■ **WHAT IS REQUIRED**:
Identify the line with "レディースファッションビキニセット、黒の水玉模様プリント、売 - Women"; copy word for word that line and every one after it, to the end of the listing. Exclude pictures.

■ **SUPPLIED DATA**:
= = = = =

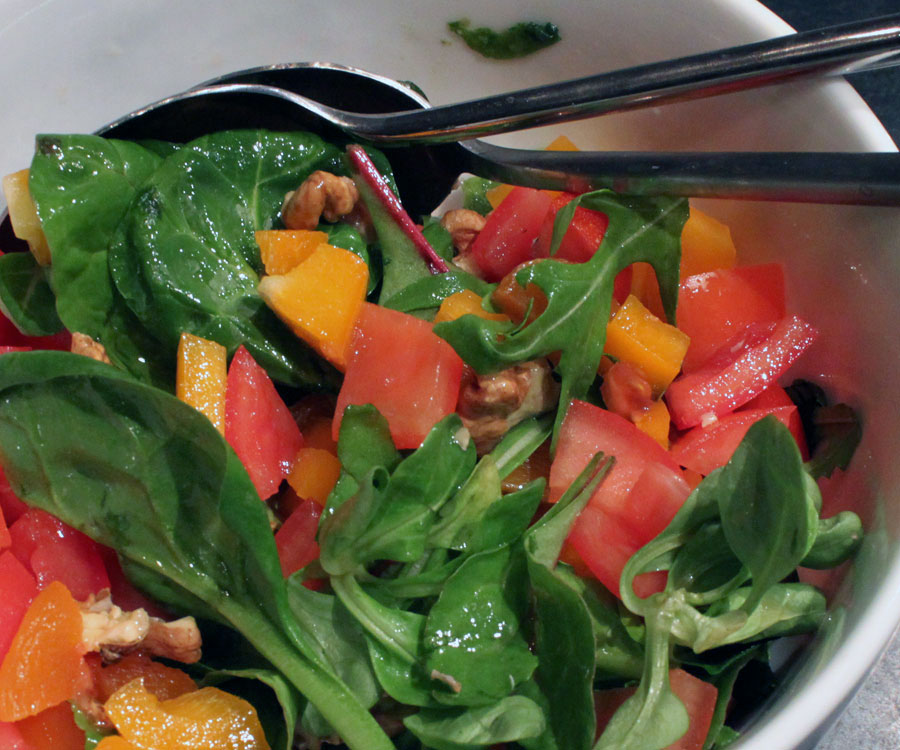 Valnød/peberfrugt salat opskrift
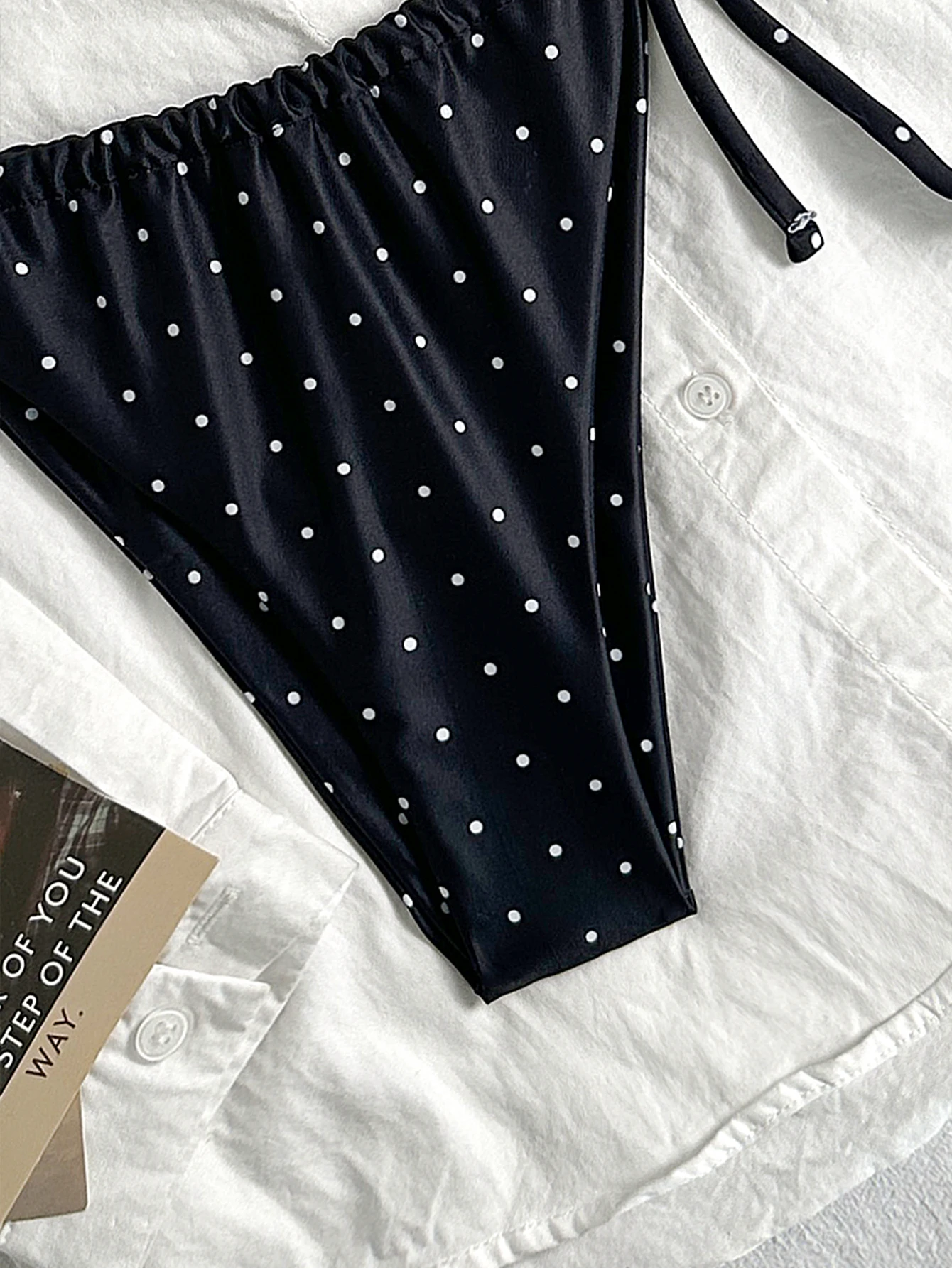 レディースファッションビキニセット、黒の水玉模様プリント、売 - Women Fashion Photoshoot のレビューと価格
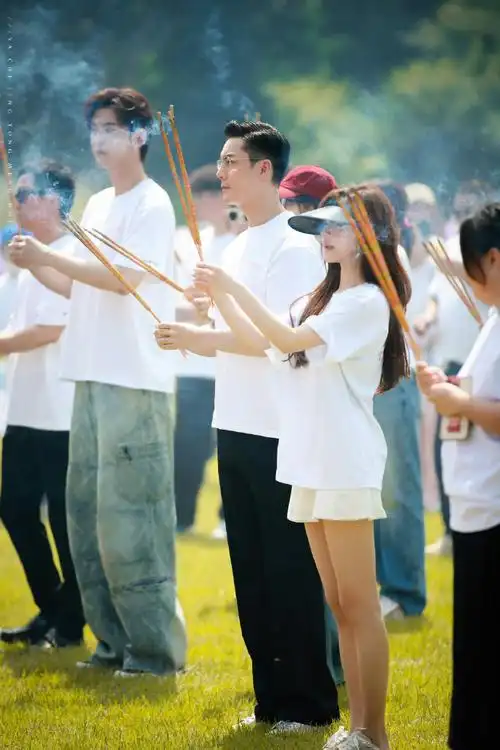 许我耀眼阵容官宣##赵露思陈伟霆新剧设定##许我耀眼开机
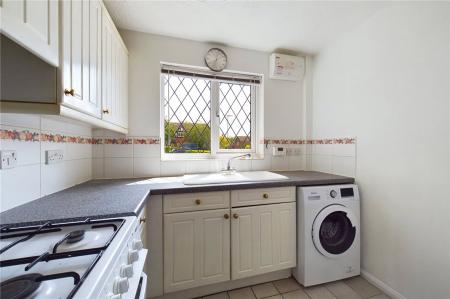 2 bedroom Terraced House to let in Odette Gardens, Tadley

= = = = =

■ **ANSWER TO THE EXERCISE**:
 レディースファッションビキニセット、黒の水玉模様プリント、売 - Women Fashion Photoshoot のレビューと価格
 许我耀眼阵容官宣##赵露思陈伟霆新剧设定##许我耀眼开机
 2 bedroom Terraced House to let in Odette Gardens, Tadley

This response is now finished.